NDMA Procurement Officer Phesheya Dlamini told the eSwatini Observer, ‘Within
a week of award, the prices had increased a hundredfold [doubled] to an extent
that three companies came back to us requesting a price increase of over 100
per cent of the quoted price.
‘For instance, the supplier of gowns had initially said he would supply
us the gowns at E197 each. He, however, came back and requested to at
least supply at a revised price of not less than E400. The only supplier that
did not have a problem was the one who had quoted E1,300. Similarly the company
that was to supply gumboots ended up failing to do so because of the price
hike.’
The Director of Health Services Dr Vusi Magagula said suppliers were
struggling to deliver goods on time and some coronavirus (COVID-19) supplies
were not available as countries rushed for them due to the pressing demand.

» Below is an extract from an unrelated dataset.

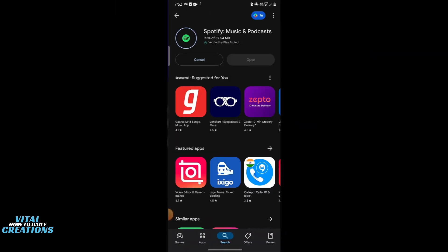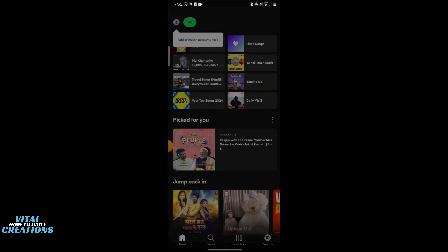Step 1 is to uninstall Spotify. If you already have Spotify installed, go ahead and uninstall it from your device. This step ensures that you remove any existing data or settings.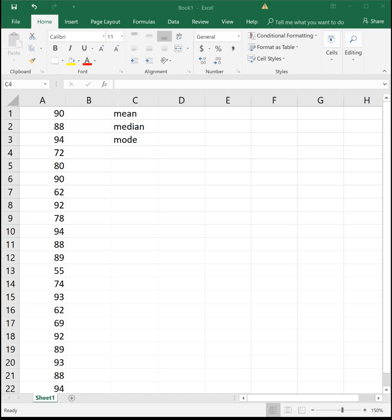And on an assignment or a test, I would expect you to use Excel to always find these values. I don't expect you to find median and mode or really any of these numerical calculations in this chapter by hand. Always use Excel, it's much easier.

Doctors, nurses and other health workers have had to
treat coronavirus patients without correct PPE during the continuing pandemic. On 22 May
2020, Minister
of Health Lizzie Nkosi said 33 health workers had contracted the virus in
Swaziland.
She added, ‘This suggests that in this fight health workers are not
spared from this pandemic as they could [be] gripped by anxiety and fears.’
Swazi Prime Minister Ambrose Dlamini called
frontline health workers ‘our frontline soldiers’. He said, ‘In this war
against the pandemic that has been plaguing the globe healthcare workers are in
the firing end. They are the ones who are bravely protecting us against [the]
deadly invisible enemy.’
Separately, voluntary workers in the community were told they
should strip off their clothes and wash them outside their homes after each
day’s work to avoid taking coronavirus into their homes.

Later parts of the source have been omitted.